I spent the morning with my father-in-law in a cafe in Kfar Tavor.
He was generous enough to be an interview subject for me in regards to a creative writing project I’m preparing for a class called “Art, Atrocity, and Truth.”
My father-in-law is a child of the Holocaust. He is, in a way, art born of atrocity. His story is fascinating, as are the stories of so many whose parents survived the Holocaust, either in camps or in hiding or in brave revolt in the woods of Poland.
But his story is not my story today. My story is brief and bubbled up for me this morning on the drive home from the cafe.
My story is in response to the despair I often feel in this world; and the despair I feel specifically right now in this region.
I woke up this morning with a headache, and with a swelling I get in the hollow of my neck where sadness lurks. The news, the last thing I read before falling asleep last night, still lingered there.

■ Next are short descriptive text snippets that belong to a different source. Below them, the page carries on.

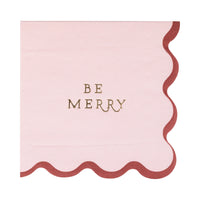 Close-up of the single light pink scalloped edge Christmas napkin with gold foil text.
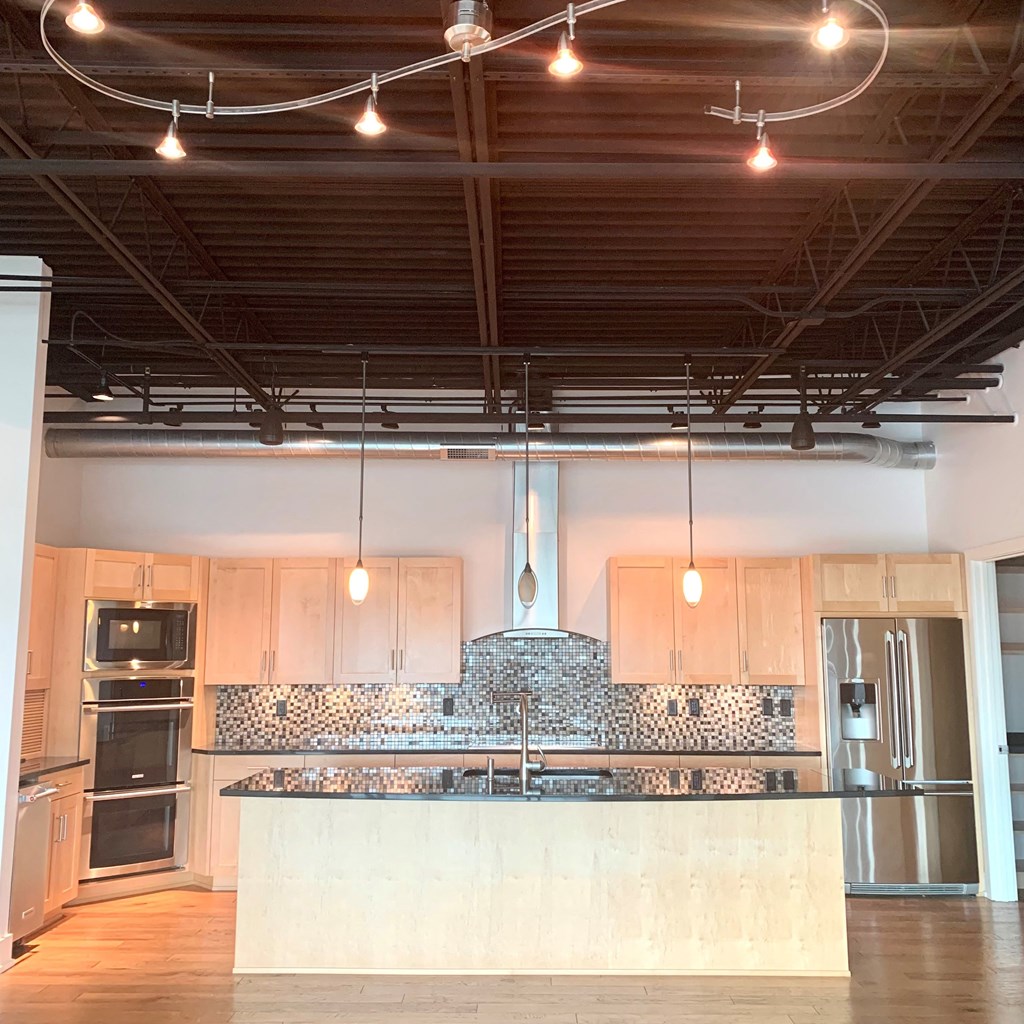 a large kitchen with a large island in the middle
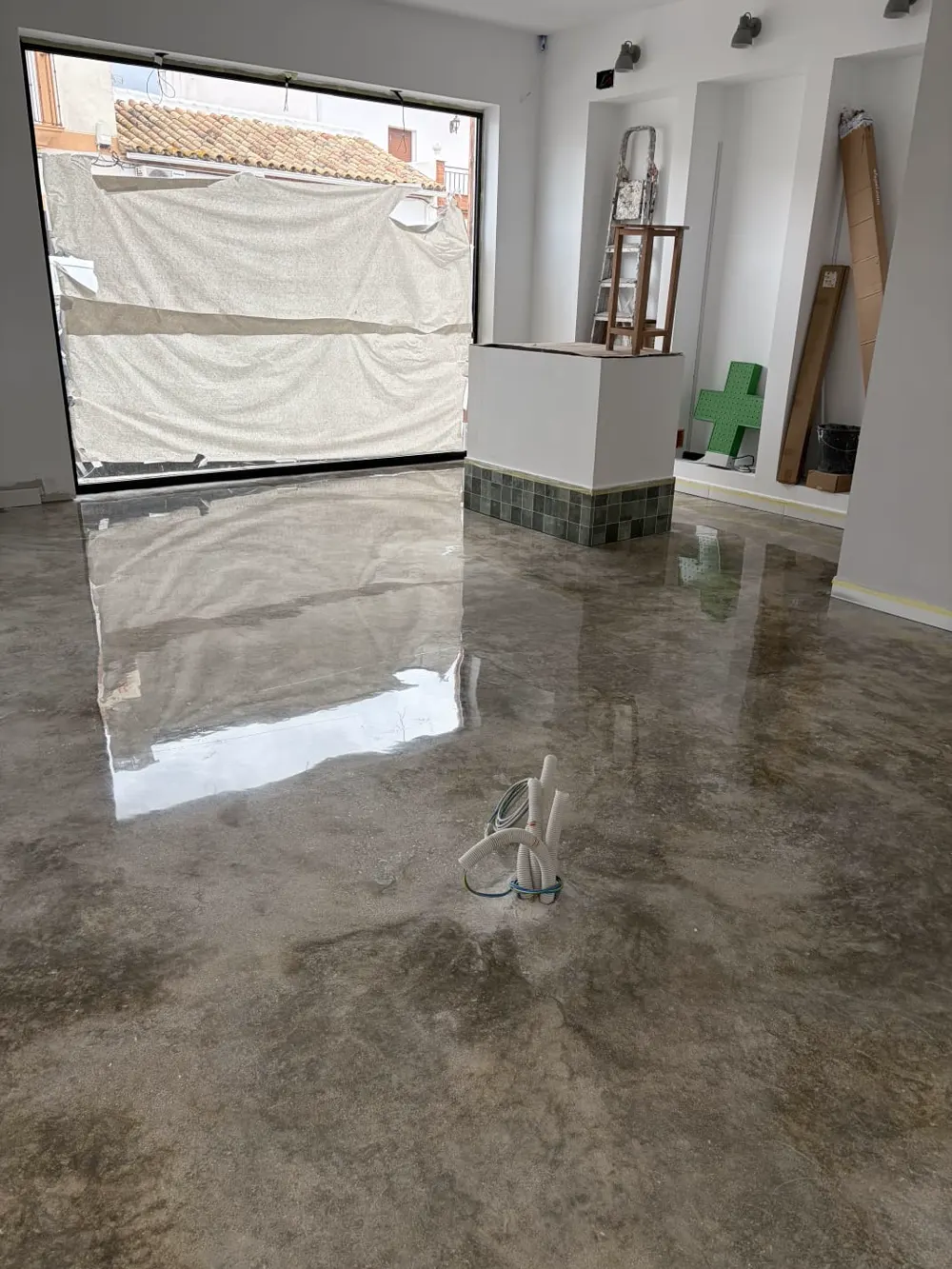 Local en obra, microcemento gris pulido reflectante — trabajo real de Pulimentos Jiménez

But two hours later, after a spinach quiche and cafe hafooch at Cafederaztia, after taking 8 pages of notes, after probing my father-in-law for details about the small Polish village, about the time in Lublin, and the after time in Germany, and the time after that in Lod and in Petach Tikva, and eventually Newark, NJ …
I felt alive again.
The headache is still there a bit, but the hollow less congested. And if I had to say why, I’d say it was the listening. It was the act of being a vessel — even temporarily — of someone else’s story. Someone else’s past; someone else’s meaning. I bet if you asked my father-in-law immediately after our conversation, he would probably say he felt lifted up too. For having been actively and intentionally listened to.
It’s not the first time I’ve listened. It’s something I enjoy. It’s something of myself I want to give to others, if that makes sense.
I sense they need it. And I sense I do, too.
I know this is a luxury — drinking coffee, listening. I know it’s a luxury of living here in the Lower Galilee where, for the time being, war is more a headline than a reality. I know this is not a luxury for those in shelters in Southern Israel or others whose life stories are characterized more by war than by living.
I am not naive, though this is an accusation sometimes leveled on people who still suggest conflict may be resolved by talking and listening.
But I repeat, I am not naive.
I am just open. A vessel.
And there are more like me. A lot more.
We could band together. Form our own little revolution of listening. Create art not out of, but instead of atrocity.